== Given records ==

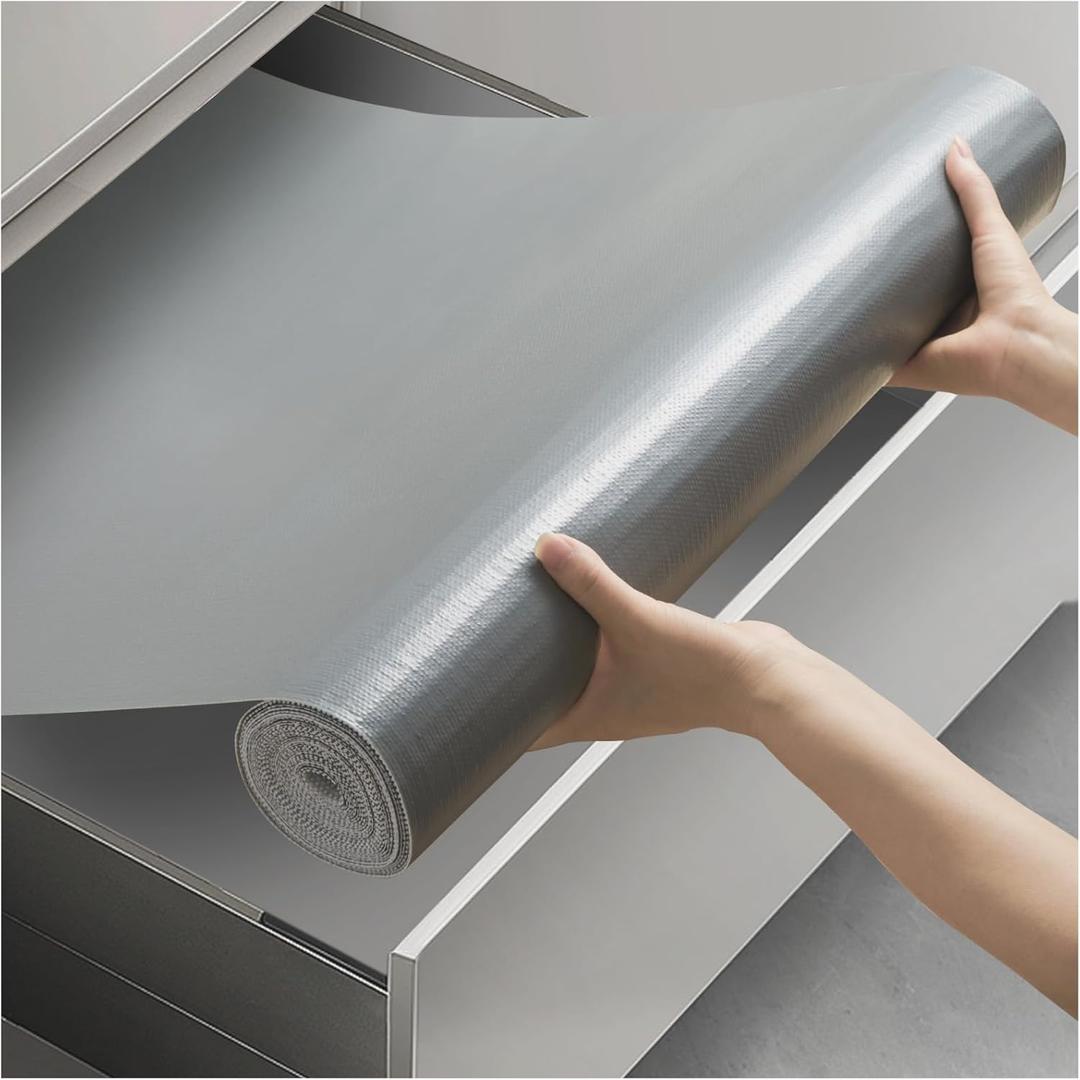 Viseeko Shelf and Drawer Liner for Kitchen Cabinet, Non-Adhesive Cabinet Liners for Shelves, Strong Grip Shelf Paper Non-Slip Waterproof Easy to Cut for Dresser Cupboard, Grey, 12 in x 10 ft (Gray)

===
== Given records ==

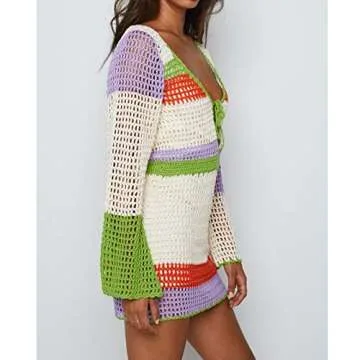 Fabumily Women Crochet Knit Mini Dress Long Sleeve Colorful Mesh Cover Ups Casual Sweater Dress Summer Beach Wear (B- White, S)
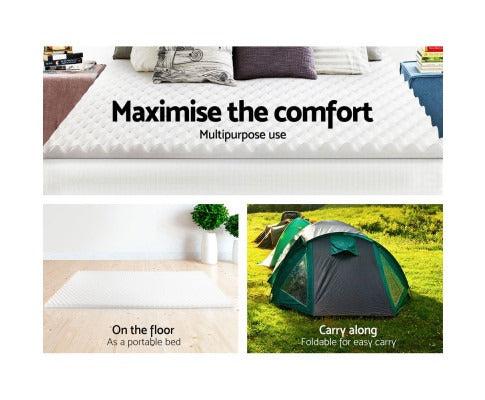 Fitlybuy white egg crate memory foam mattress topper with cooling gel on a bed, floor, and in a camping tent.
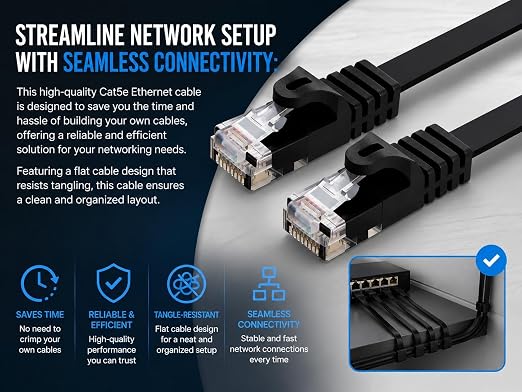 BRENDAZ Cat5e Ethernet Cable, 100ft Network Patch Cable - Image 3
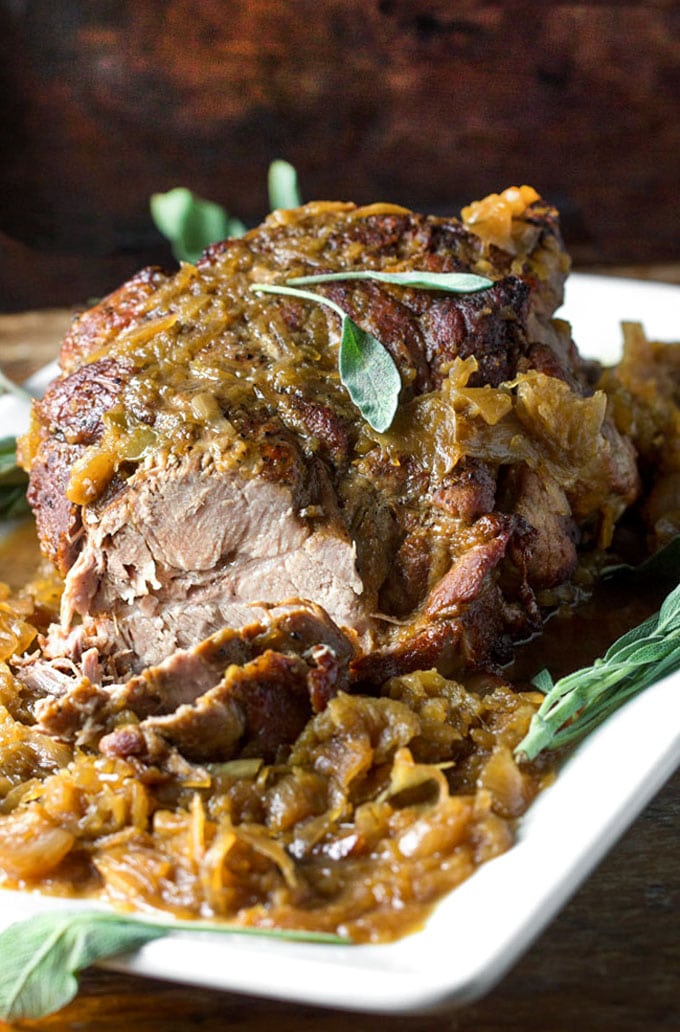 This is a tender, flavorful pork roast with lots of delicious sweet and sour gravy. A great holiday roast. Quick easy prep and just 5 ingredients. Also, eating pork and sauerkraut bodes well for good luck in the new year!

===

### What to produce
Transcribe, word for word, the stretch of lines in the data above from the one with "Fabumily Women Crochet" through the one with "This is a tender, flavorful"; omit all pictures.

### Written solution
 Fabumily Women Crochet Knit Mini Dress Long Sleeve Colorful Mesh Cover Ups Casual Sweater Dress Summer Beach Wear (B- White, S)
 Fitlybuy white egg crate memory foam mattress topper with cooling gel on a bed, floor, and in a camping tent.
 BRENDAZ Cat5e Ethernet Cable, 100ft Network Patch Cable - Image 3
 This is a tender, flavorful pork roast with lots of delicious sweet and sour gravy. A great holiday roast. Quick easy prep and just 5 ingredients. Also, eating pork and sauerkraut bodes well for good luck in the new year!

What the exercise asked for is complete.